La tecnologia in questo anno ci ha fatto intravedere come le cose possano cambiare. Ma attenzione a non andare da un estremo all’altro.
Equilibrio è la parola magica. E l’equilibrio si raggiunge attraverso la competenza delle persone che, dietro le quinte, si occupano di organizzare il settore accoglienza nelle strutture.
E qui tornano ad essere fondamentali i percorsi formativi che ho descritto in precedenza.
Ma c’è sempre l’ultimo miglio da percorrere. L’anello di congiunzione da trovare.
Se da una parte abbiamo i player digitali che ci dicono “…ecco, questo è tutto ciò che ti serve per poter migliorare la tua offerta enoturistica…” dall’altra abbiamo le strutture che rispondono con “…sì ma come faccio a…”.
Le mani si sfiorano ma non si toccano ancora. Ci vuole l’ultimo sforzo che deve essere compiuto necessariamente dalle cantine.
Secondo voi una cantina, anche molto piccola, può far a meno del suo Enologo? Sarebbe folle. Ecco questo è l’anello mancate. La cantina non può fare a meno di una figura che negli anni sarà fondamentale quanto l’enologo: “il responsabile delle esperienze in cantina”.
Può essere chiamato in molti modi ma la sua funzione primaria sarà quella di rivoluzionare il modo di fruire le esperienze in cantina e di “strutturare” l’offerta enoturistica nel DNA aziendale.
Più la cantina è piccola più questa figura sarà importante.
L’obiettivo dovrà essere quello di valorizzare l’unicità della struttura, la sua importanza sul territorio, la sua filosofia, i suoi prodotti e le scelte ed i racconti che li hanno fatti arrivare fino ai giorni nostri.
In tutto questo poi un ruolo determinante lo avranno il linguaggio e la comunicazione, due aspetti veramente sottovalutati.

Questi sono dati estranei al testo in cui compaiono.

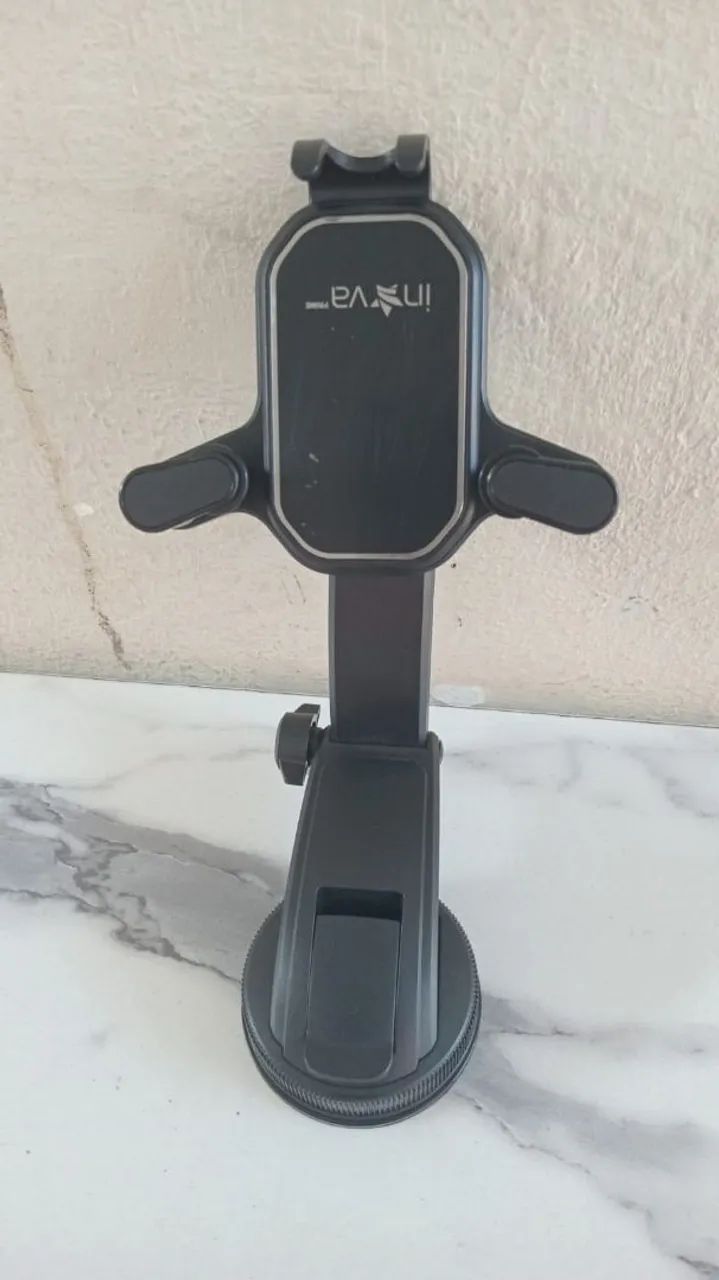 Suporte veicular para celular.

Oggi, qualunque sia il pubblico che le cantine si trovano davanti, le visite possono essere riassunte pressappoco così: benvenuti, vigneto, metodo di coltivazione, uve, cantina di fermentazione, affinamento, passaggio in barrique, degustazione. E parlando di degustazione avremo: vitigni, grado alcolico, mesi di affinamento, sensazioni degustative e abbinamenti.

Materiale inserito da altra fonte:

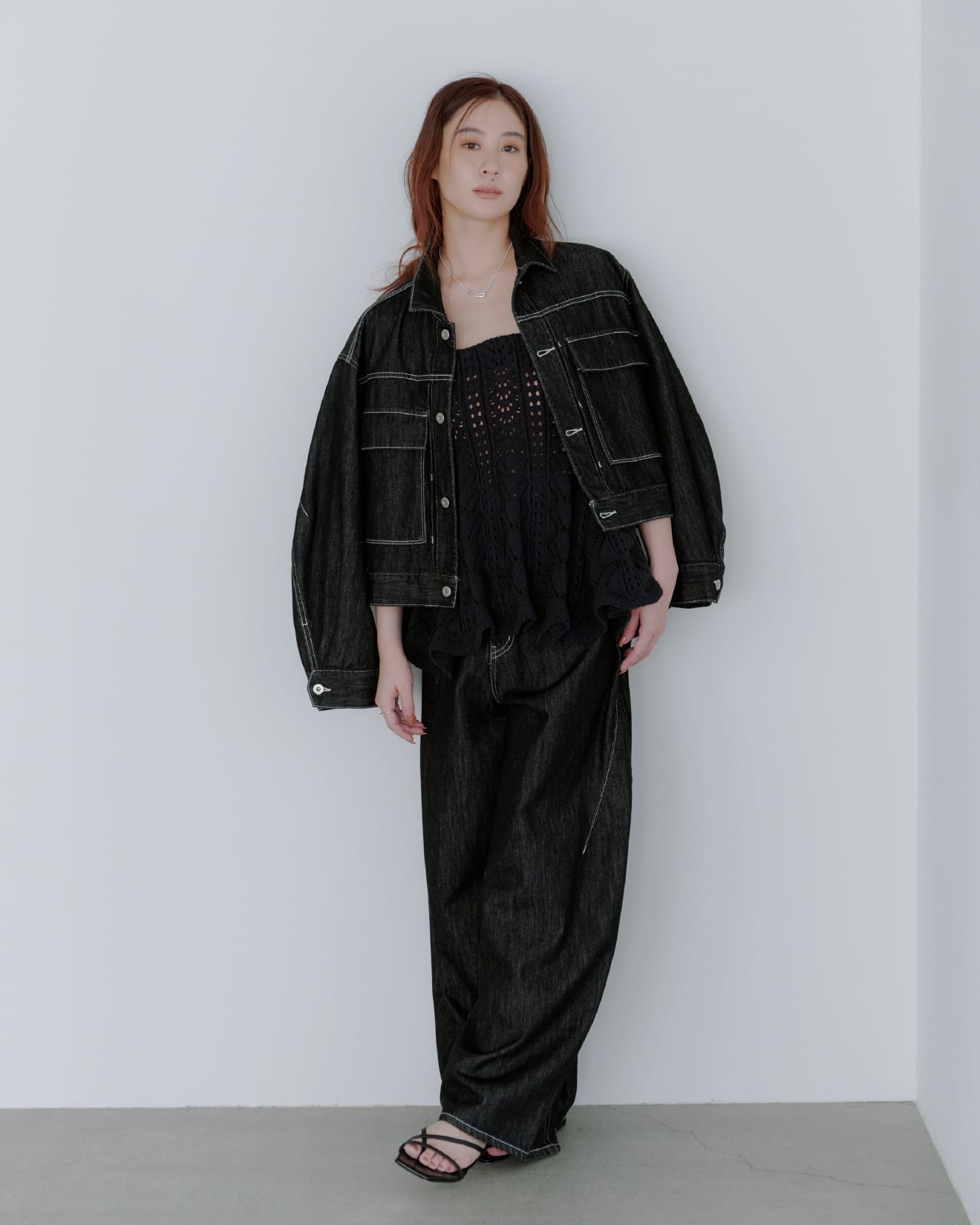 Outer Knit tops Pants Shoes Accessoryを着用したモデル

Sbaglio? Scusate la provocazione ma è un modo diretto per focalizzare l’attenzione su questo importante passaggio.
Potremmo dire che non c’è bisogno di cosa nuove, ma di un nuovo modo di raccontarle.
Linguaggio e comunicazione, cerchiamo di capire chi verrà da noi e che tipo di profilo avranno i nostri ospiti.
Quando parleremo dei nostri vini magari potremmo approfondire la storia che c’è dietro al loro nome o alla loro etichetta, arricchendo il racconto con qualche aneddoto, lo stesso discorso potrà essere fatto sulla cantina o sulla struttura aziendale, lasciando gli aspetti tecnici ad un pubblico di sommelier o di professionisti del settore.
Ho iniziato ad occuparmi di comunicazione per il mondo del vino nel 2001 e le sensazioni sono le stesse di allora. 20 anni fa pensare ad una figura che si occupasse di marketing e comunicazione in azienda era come parlare in una lingua incomprensibile e poi vediamo tutti che cosa è successo e quanto il marketing e la comunicazione si siano radicate nelle diverse realtà della filiera enoturistica.
Siamo nuovamente ai nastri di partenza.
Abbiamo imparato qualcosa?
Abbiamo fatto veramente i compiti?
Beh io non vedo l’ora di scoprirlo, magari con un vostro calice tra le mani.